═════ MATERIAL TO PROCESS

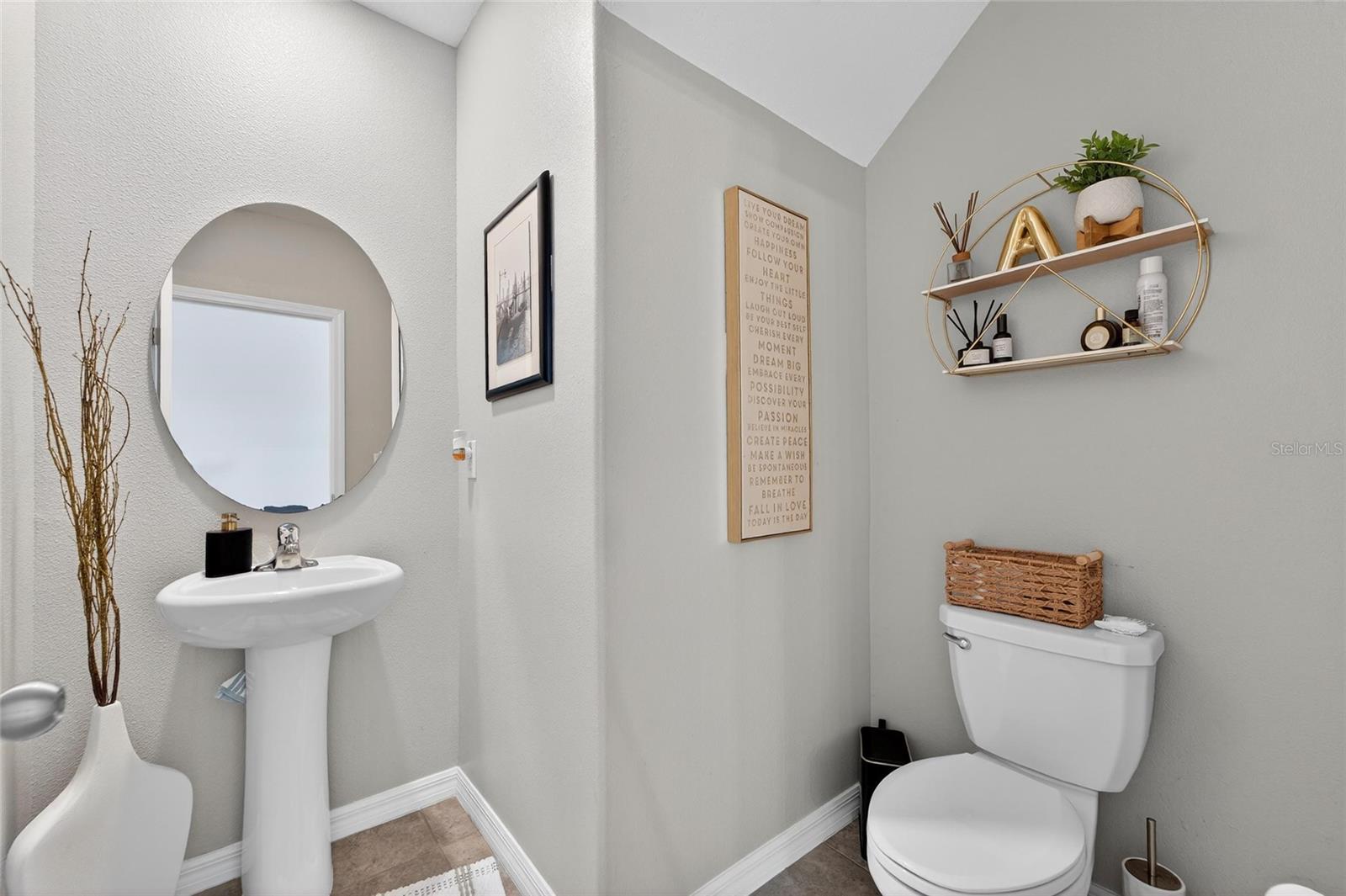 Listing photo id 22 for 13209 Wildflower Meadow Drive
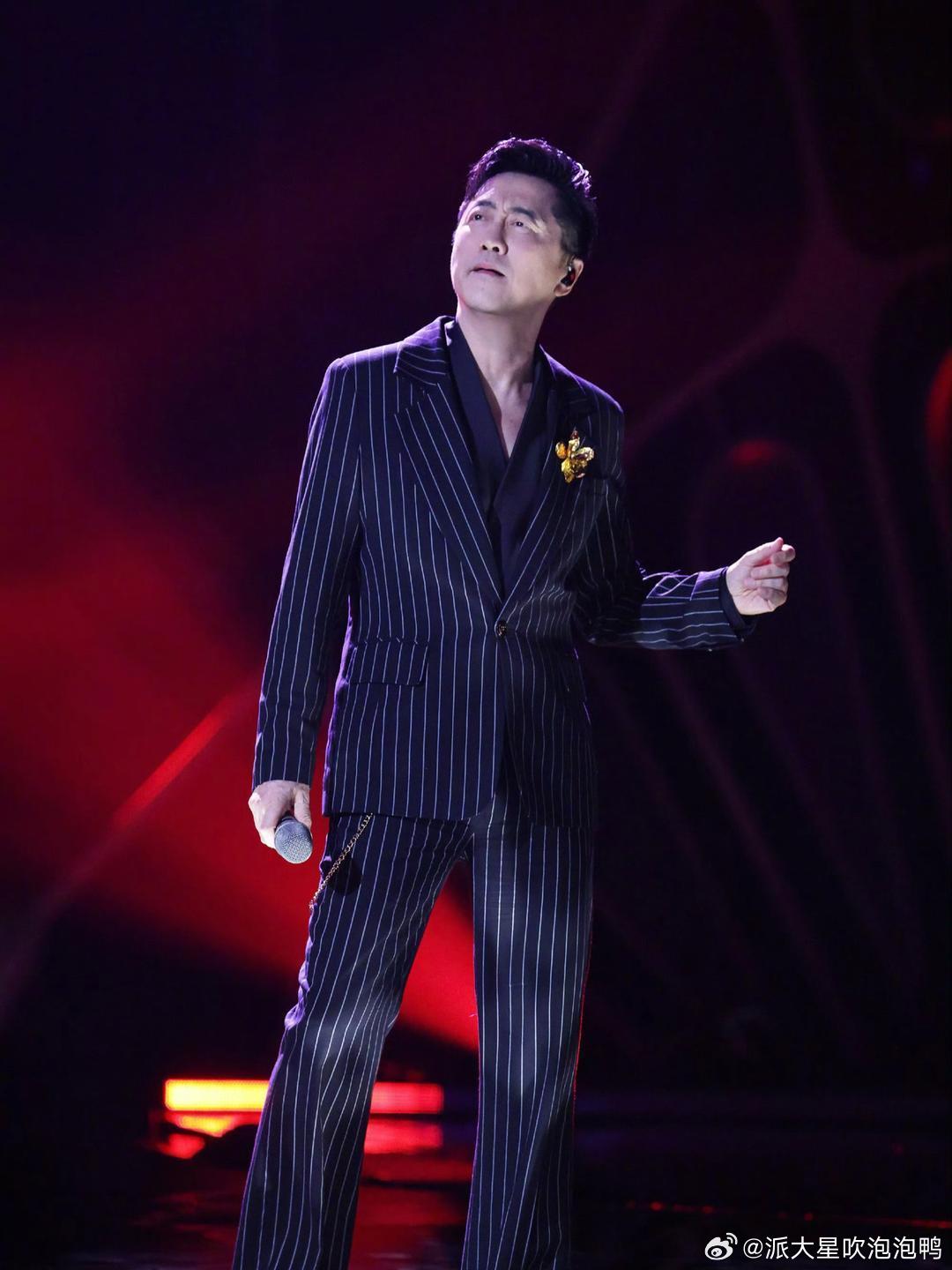 庾澄庆点赞网友吐槽《歌手》的言论，看来他自己心里也不太舒服啊…… 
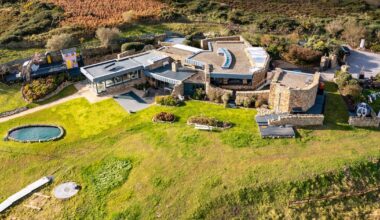 Look inside: A Howth Head house with a sublime, secluded seaside setting – The Irish Times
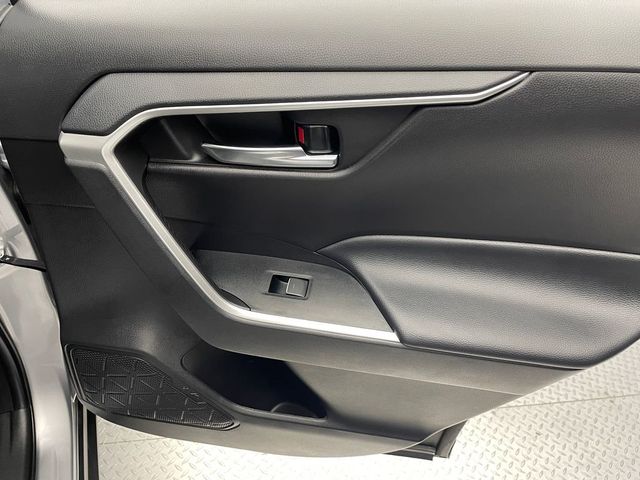 2022 Toyota RAV4 XLE Premium AWD - 22928804 - 35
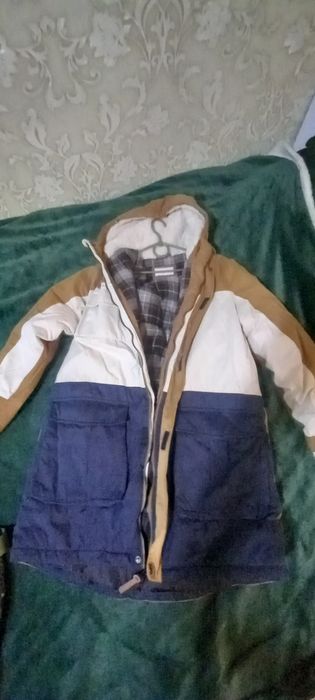 Продам зимнюю куртку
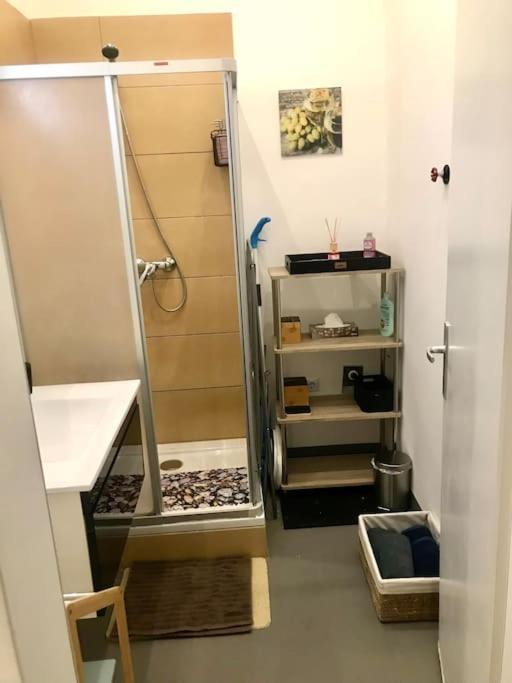 Klimatisierte Sehr Zentrale Wohnung-Loftstyle- Wina Bagian luar foto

══════════

■ DESCRIPTION OF THE TASK ■
The output must match the records word for word, except that no pictures appear.

■ REPLY ■
 Listing photo id 22 for 13209 Wildflower Meadow Drive
 庾澄庆点赞网友吐槽《歌手》的言论，看来他自己心里也不太舒服啊…… 
 Look inside: A Howth Head house with a sublime, secluded seaside setting – The Irish Times
 2022 Toyota RAV4 XLE Premium AWD - 22928804 - 35
 Продам зимнюю куртку
 Klimatisierte Sehr Zentrale Wohnung-Loftstyle- Wina Bagian luar foto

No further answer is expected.